The publication of these eagerly anticipated GLAM Guidelines provides an appropriate opportunity to step back and reflect upon some of the larger issues surrounding the Affordable Housing law, and the statutory safe harbors in particular.
As noted recently in a cogent presentation by the Massachusetts Housing Partnership (“MHP”) at a meeting of the CHAPA Housing Production Committee, Chapter 40B has been the vehicle for the production of more than 70,000 housing units since 1969.  The future, however, is not as bright in MHP’s view, because the potential for “new 40B development is diminishing relative to projected housing need.”
Why?  According to MHP the “gap” (between projected housing need and the remaining Chapter 40B housing development potential) “is greatest in Metro Boston where 26 communities have permitted enough subsidizing housing” to cross the 10% safe harbor threshold.  According to MHP, the remaining development potential under Chapter 40B in the Metropolitan Area Planning Commission region is approximately 21,000 units.
Of course, under the 2007 Boothroyd v. Zoning Board of Appeals of Amherst decision, a municipality may nonetheless elect to grant a Comprehensive Permit even if it has satisfied the 10% test.  But that is a pretty thin reed to grasp in our current housing affordability wind tunnel.
To make your affordable housing day even brighter, a number of the ten communities identified by MHP as having the “most remaining Chapter 40B Development Potential” in the Metro Boston area are among the very communities that have recently asserted the GLAM safe harbor (Arlington, Newton, and Waltham).  For these municipalities and others similarly situated, however, an underappreciated danger lurks behind the assertion of the GLAM safe harbor based upon current Subsidized Housing Inventory (“SHI”) counting methodology. Such arguments may run headlong into the most potentially potent footnote in all of affordable housing.  
First, some full disclosure.  Your correspondent has previously suggested that the treatment of rental developments under the GLAM test may no longer make sense in era of smart growth and concentrated development.  Remember that under current SHI practice, rental housing and ownership units are treated very differently.  Assuming all other requirements to gain listing on the SHI have been met, all units in a rental housing development are counted on the SHI, while homeownership developments are counted only on a proportionate basis. The HAC politely questioned this approach as early as 2003, in footnote 6 of Arbor Hill Holdings Limited Partnership v. Weymouth Board of Appeals, stating “it would seem anomalous to count all of a very large [rental] lot containing only a very small number of affordable units.”  
But footnote 6 in Arbor Hill pales in comparison to the suggestion of the Supreme Judicial Court in footnote 12 of Zoning Board of Appeals of Sunderland v.
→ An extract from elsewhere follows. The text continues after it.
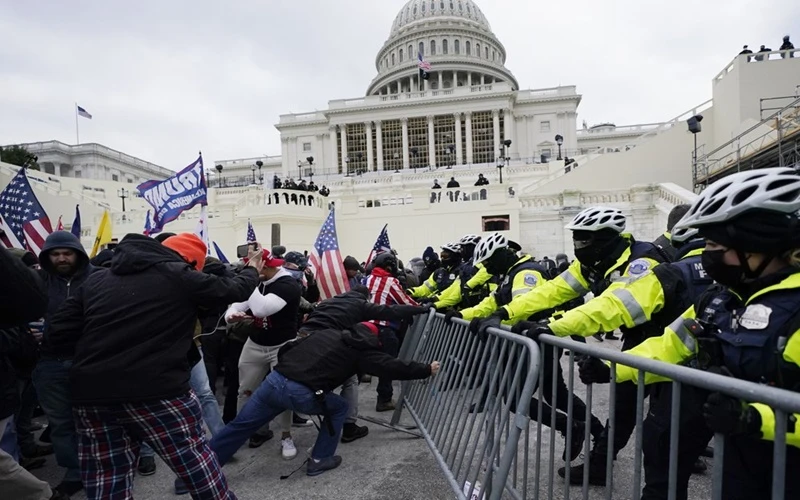 Người biểu tình ủng hộ ông Trump tìm cách phá vỡ rào chắn của cảnh sát để xông vào tòa Quốc hội, ngày 6-1. (Ảnh: AP)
Sugarbush Meadow, LLC, 464 Mass. 166, 178 (2013).  There, the SJC expressly left open the issue of how counting should be performed for SHI purposes, declaring:  “we need not address whether the inclusion of non-subsidized housing units in the SHI is permissible under the act…(emphasis added).”  Thus, the issue of SHI counting methodology under the 10% test remains an open question, as far as the SJC is concerned.
Certainly any counting methodology employed by DHCD over many years would be entitled to a great deal of deference.  Nonetheless, a judicial rebuke to such a long-standing regulatory practice would not be without recent precedent. As development lawyers learned back in 2007 in the Chapter 91 context, the SJC is not hesitant to let it be known that “the principle of according weight to an agency’s discretion” is “one of deference, not abdication” stating further that “this court will not hesitate to overrule agency interpretations of statutes or rules when those interpretations are arbitrary or unreasonable.”  Moot v. Department of Environmental Protection, 448 Mass. 340, 346 (2007).
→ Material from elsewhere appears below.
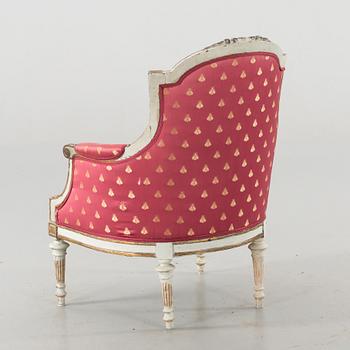 A LOUIS XVI STYLE BERGERE, 20th century.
By aggressively asserting the GLAM safe harbor, a municipality may raise the entire issue of SHI counting methodology before the state’s highest court for the first time.  So as we enter upon the “Summer of GLAM” remember, it may be time to re-examine the most important footnote in affordable housing as well.
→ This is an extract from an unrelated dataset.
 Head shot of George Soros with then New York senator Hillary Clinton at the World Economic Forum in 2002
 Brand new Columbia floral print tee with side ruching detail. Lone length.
“The Housing Watch” is a regular column from Bob Ruzzo,  senior counsel in the Boston office of Holland & Knight LLP.  He possesses a wealth of public, quasi-public and private sector experience in affordable housing, transportation, real estate, transit-oriented development, public private partnerships, land use planning and environmental impact analysis. Bob is also a former general counsel of both the Massachusetts Turnpike Authority and the Massachusetts Housing Finance Agency; he also served as chief real estate officer for the turnpike and as deputy director of MassHousing.”  Bob can be contacted by email at robert.ruzzo@hklaw.com.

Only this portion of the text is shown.